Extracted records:
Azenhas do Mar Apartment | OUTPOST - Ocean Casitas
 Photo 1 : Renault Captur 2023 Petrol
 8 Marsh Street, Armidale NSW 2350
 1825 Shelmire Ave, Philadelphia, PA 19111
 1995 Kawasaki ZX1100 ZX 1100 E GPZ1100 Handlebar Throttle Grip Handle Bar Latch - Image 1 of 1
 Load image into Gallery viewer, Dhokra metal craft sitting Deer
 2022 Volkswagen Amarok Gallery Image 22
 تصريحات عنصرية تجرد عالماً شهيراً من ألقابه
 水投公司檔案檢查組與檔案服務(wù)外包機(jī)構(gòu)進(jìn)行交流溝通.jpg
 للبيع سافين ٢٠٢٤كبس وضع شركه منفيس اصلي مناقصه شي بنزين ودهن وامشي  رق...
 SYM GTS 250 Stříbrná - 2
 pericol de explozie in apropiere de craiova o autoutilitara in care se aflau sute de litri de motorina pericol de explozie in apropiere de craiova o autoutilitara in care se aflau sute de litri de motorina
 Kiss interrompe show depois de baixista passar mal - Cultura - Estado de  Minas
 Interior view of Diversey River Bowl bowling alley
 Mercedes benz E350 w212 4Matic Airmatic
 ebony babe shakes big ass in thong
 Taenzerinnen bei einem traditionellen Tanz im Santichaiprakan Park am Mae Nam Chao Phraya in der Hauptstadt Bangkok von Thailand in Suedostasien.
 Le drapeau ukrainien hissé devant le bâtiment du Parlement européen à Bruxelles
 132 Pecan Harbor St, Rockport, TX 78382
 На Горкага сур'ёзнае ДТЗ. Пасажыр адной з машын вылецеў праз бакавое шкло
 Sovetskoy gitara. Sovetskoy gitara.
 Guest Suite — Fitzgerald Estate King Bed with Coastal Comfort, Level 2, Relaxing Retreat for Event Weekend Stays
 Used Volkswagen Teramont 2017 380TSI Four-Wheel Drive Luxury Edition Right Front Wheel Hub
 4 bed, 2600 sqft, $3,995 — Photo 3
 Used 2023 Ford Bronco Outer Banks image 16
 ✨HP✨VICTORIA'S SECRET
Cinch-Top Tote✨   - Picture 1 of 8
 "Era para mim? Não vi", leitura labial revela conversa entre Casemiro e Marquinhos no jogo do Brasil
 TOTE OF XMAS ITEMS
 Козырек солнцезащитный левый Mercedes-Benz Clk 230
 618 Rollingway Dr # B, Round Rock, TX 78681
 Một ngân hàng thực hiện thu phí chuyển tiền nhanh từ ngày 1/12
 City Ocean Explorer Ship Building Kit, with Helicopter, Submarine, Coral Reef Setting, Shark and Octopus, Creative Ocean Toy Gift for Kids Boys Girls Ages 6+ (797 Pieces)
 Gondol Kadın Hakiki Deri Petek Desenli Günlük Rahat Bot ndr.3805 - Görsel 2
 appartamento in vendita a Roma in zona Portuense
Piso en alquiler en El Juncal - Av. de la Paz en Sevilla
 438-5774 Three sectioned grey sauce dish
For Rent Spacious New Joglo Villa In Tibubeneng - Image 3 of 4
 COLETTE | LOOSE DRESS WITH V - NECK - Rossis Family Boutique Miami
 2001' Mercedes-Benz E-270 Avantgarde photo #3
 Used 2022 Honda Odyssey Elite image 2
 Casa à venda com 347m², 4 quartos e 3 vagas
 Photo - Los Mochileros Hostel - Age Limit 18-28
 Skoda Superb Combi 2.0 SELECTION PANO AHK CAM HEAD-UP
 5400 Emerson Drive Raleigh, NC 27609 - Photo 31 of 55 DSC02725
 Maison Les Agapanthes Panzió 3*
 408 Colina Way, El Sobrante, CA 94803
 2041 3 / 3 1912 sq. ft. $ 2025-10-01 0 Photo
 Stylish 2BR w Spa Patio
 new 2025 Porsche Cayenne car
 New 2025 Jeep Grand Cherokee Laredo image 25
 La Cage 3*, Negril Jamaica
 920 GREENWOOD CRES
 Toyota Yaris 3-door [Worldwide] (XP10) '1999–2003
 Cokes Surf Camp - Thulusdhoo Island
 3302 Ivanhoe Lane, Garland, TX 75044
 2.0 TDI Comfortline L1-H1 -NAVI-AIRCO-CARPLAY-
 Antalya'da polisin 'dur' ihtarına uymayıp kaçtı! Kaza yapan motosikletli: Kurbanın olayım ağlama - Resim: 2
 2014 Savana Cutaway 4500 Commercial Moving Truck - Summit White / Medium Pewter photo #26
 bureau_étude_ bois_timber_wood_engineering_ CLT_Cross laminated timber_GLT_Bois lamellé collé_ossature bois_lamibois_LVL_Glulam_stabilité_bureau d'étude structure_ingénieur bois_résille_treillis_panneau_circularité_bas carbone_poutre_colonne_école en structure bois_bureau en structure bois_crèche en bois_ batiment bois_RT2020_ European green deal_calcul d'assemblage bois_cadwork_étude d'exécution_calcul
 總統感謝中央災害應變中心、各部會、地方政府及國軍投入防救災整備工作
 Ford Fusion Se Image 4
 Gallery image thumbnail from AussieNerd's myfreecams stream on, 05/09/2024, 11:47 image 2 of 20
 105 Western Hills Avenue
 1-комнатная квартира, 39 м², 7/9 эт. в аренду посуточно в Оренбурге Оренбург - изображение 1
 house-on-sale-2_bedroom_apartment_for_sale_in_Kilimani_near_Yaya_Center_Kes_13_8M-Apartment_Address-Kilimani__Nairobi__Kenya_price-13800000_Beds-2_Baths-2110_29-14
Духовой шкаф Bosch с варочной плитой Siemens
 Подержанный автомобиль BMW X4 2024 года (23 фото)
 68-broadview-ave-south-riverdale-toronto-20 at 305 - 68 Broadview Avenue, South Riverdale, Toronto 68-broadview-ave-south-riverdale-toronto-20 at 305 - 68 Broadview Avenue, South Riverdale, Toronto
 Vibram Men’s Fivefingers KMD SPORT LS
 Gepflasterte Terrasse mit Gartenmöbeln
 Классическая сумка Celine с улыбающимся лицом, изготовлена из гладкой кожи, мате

■ Exercise instructions:
Verbatim output is expected for the lines from the start of the data to the line in which "Một ngân hàng" appears, both included.

■ Task result:
Azenhas do Mar Apartment | OUTPOST - Ocean Casitas
 Photo 1 : Renault Captur 2023 Petrol
 8 Marsh Street, Armidale NSW 2350
 1825 Shelmire Ave, Philadelphia, PA 19111
 1995 Kawasaki ZX1100 ZX 1100 E GPZ1100 Handlebar Throttle Grip Handle Bar Latch - Image 1 of 1
 Load image into Gallery viewer, Dhokra metal craft sitting Deer
 2022 Volkswagen Amarok Gallery Image 22
 تصريحات عنصرية تجرد عالماً شهيراً من ألقابه
 水投公司檔案檢查組與檔案服務(wù)外包機(jī)構(gòu)進(jìn)行交流溝通.jpg
 للبيع سافين ٢٠٢٤كبس وضع شركه منفيس اصلي مناقصه شي بنزين ودهن وامشي  رق...
 SYM GTS 250 Stříbrná - 2
 pericol de explozie in apropiere de craiova o autoutilitara in care se aflau sute de litri de motorina pericol de explozie in apropiere de craiova o autoutilitara in care se aflau sute de litri de motorina
 Kiss interrompe show depois de baixista passar mal - Cultura - Estado de  Minas
 Interior view of Diversey River Bowl bowling alley
 Mercedes benz E350 w212 4Matic Airmatic
 ebony babe shakes big ass in thong
 Taenzerinnen bei einem traditionellen Tanz im Santichaiprakan Park am Mae Nam Chao Phraya in der Hauptstadt Bangkok von Thailand in Suedostasien.
 Le drapeau ukrainien hissé devant le bâtiment du Parlement européen à Bruxelles
 132 Pecan Harbor St, Rockport, TX 78382
 На Горкага сур'ёзнае ДТЗ. Пасажыр адной з машын вылецеў праз бакавое шкло
 Sovetskoy gitara. Sovetskoy gitara.
 Guest Suite — Fitzgerald Estate King Bed with Coastal Comfort, Level 2, Relaxing Retreat for Event Weekend Stays
 Used Volkswagen Teramont 2017 380TSI Four-Wheel Drive Luxury Edition Right Front Wheel Hub
 4 bed, 2600 sqft, $3,995 — Photo 3
 Used 2023 Ford Bronco Outer Banks image 16
 ✨HP✨VICTORIA'S SECRET
Cinch-Top Tote✨   - Picture 1 of 8
 "Era para mim? Não vi", leitura labial revela conversa entre Casemiro e Marquinhos no jogo do Brasil
 TOTE OF XMAS ITEMS
 Козырек солнцезащитный левый Mercedes-Benz Clk 230
 618 Rollingway Dr # B, Round Rock, TX 78681
 Một ngân hàng thực hiện thu phí chuyển tiền nhanh từ ngày 1/12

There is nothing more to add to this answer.